For as much as pro-choice advocates emphasize the position of the woman in defending abortion, what is really at stake is whether the child will continue to live or not--or at the very least be born. Even if one holds that the fetus is not alive, it definitely will be, and thus abortion clearly ends a life: the one that would be.

If this were not the case, there would be no liberal objection to abortion. It would genuinely only be a question of a woman's right to privacy and to control over her own body. However, it is much more than this.

"WHAT if the child is unwanted? The mother might be poor and unable to care for the child properly. She might be a student or may not be ready to have a child, perhaps being only a teenager. Abortion should be an option in these instances."

This set of arguments presents the social grounding of the pro-choice movement. And understandably so. Despite the talk about cases in which women are physically endangered by their pregnancy or are impregnated due to rape (these cases account for less than 1 percent of all abortions), it is single, young, poor or career women who are most likely to see abortion as the best solution, however traumatic, to a big dilemma--pregnancy.

To the extent that these women are overwhelmingly the ones who opt for abortion, it becomes evident that deeprooted social problems often lead women--with a great deal of anguish--to the abortion clinic.

However, the cards need not be stacked against women in our society so that abortion (whether legal or not) is the option which seems most appealing to many pregnant women. Modern society need not be what it is now: a place in which young, single and poor women understandably fear that they will be left all alone, as mothers, to fend for both themselves and a child in the modern jungle.

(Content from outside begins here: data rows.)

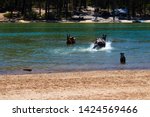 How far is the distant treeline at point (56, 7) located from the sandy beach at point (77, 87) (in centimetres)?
14747

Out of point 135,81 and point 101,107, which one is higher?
point 101,107

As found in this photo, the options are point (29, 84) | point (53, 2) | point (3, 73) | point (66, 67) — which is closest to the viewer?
point (29, 84)

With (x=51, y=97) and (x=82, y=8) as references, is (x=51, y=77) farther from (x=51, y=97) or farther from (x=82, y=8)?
(x=82, y=8)

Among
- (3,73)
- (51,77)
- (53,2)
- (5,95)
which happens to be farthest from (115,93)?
(53,2)

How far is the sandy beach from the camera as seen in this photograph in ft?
75.2

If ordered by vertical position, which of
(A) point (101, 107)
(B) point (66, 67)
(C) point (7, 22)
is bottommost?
(C) point (7, 22)

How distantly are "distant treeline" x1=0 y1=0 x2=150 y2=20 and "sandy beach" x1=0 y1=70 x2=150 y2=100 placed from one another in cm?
14747

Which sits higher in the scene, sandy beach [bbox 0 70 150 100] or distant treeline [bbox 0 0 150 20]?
sandy beach [bbox 0 70 150 100]

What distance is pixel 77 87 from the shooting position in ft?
85.1

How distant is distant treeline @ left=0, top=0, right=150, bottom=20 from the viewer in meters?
181

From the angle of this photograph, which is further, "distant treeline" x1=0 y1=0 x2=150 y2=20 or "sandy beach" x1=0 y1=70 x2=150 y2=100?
"distant treeline" x1=0 y1=0 x2=150 y2=20

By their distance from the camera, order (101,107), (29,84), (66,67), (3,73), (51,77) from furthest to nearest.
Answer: (66,67), (3,73), (51,77), (29,84), (101,107)

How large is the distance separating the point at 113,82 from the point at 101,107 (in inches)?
492

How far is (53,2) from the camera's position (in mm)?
190250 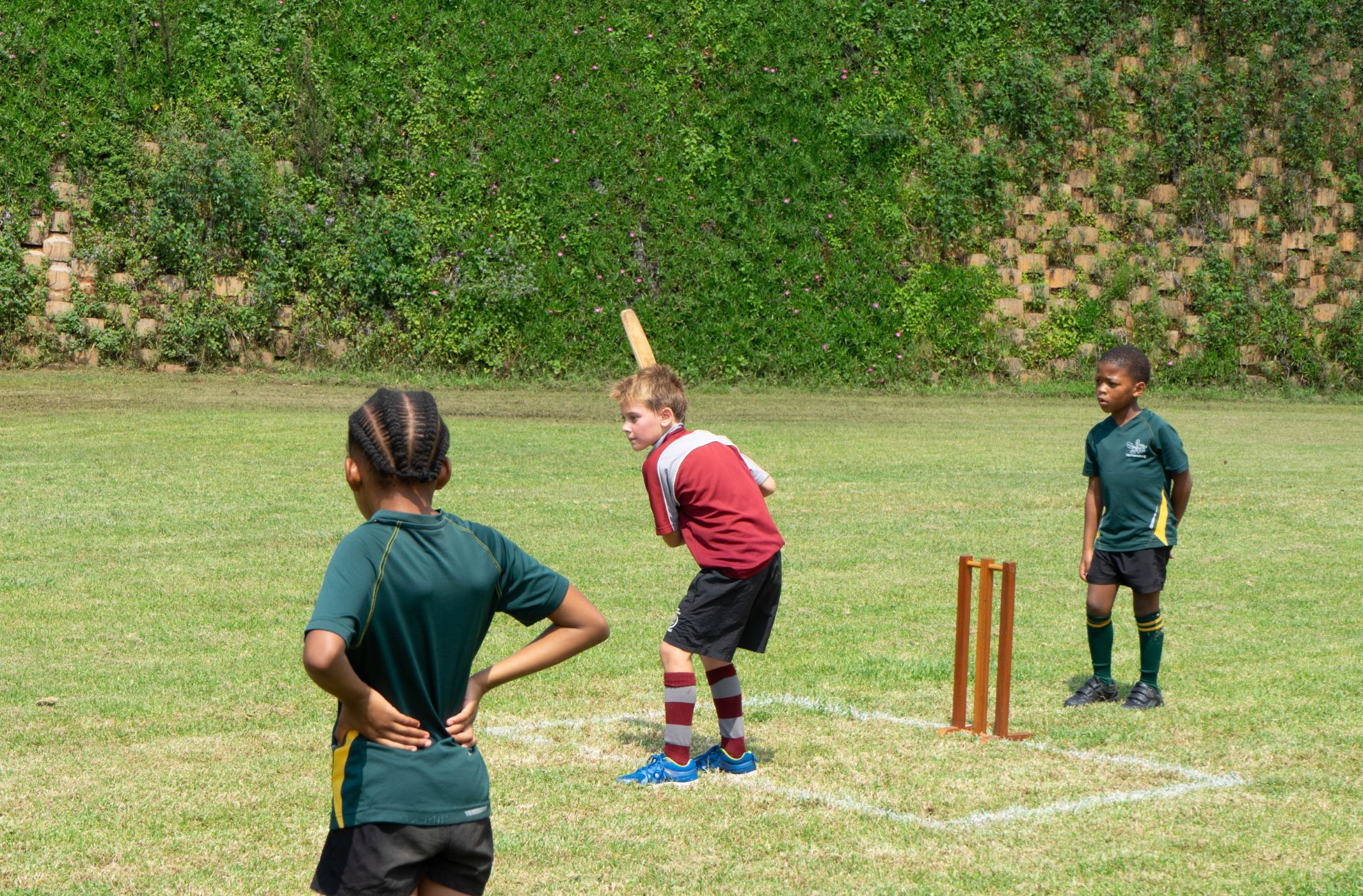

A society more favorably disposed to women would involve the promotion of policies which would address the unique pressures which women face in our day and age--namely, comprehensive public-sector and corporate childcare programs, extended maternity leaves, just palimony rulings and enforcement, affordable housing, minimum wages in accordance with the costs of living and greater aid to struggling parents with dependent children. In short, a society in which economic survival, work, school, career, life expectations and motherhood are not mutually exclusive, as they often are now for single, young and poor women.

It is not enough simply to stress the moral objections to abortion or to call for its end, a lesson which the knownothing, think-nothing, care-nothing fundamentalist opponents of abortion have failed to learn. For opponents to make a viable case against abortion, we must also address the larger social problems which are leading women to seek this lamentable option in the first place. If abortion can be termed an evil--indeed a "necessary evil" by its supporters--it is time to make it an unnecessary one.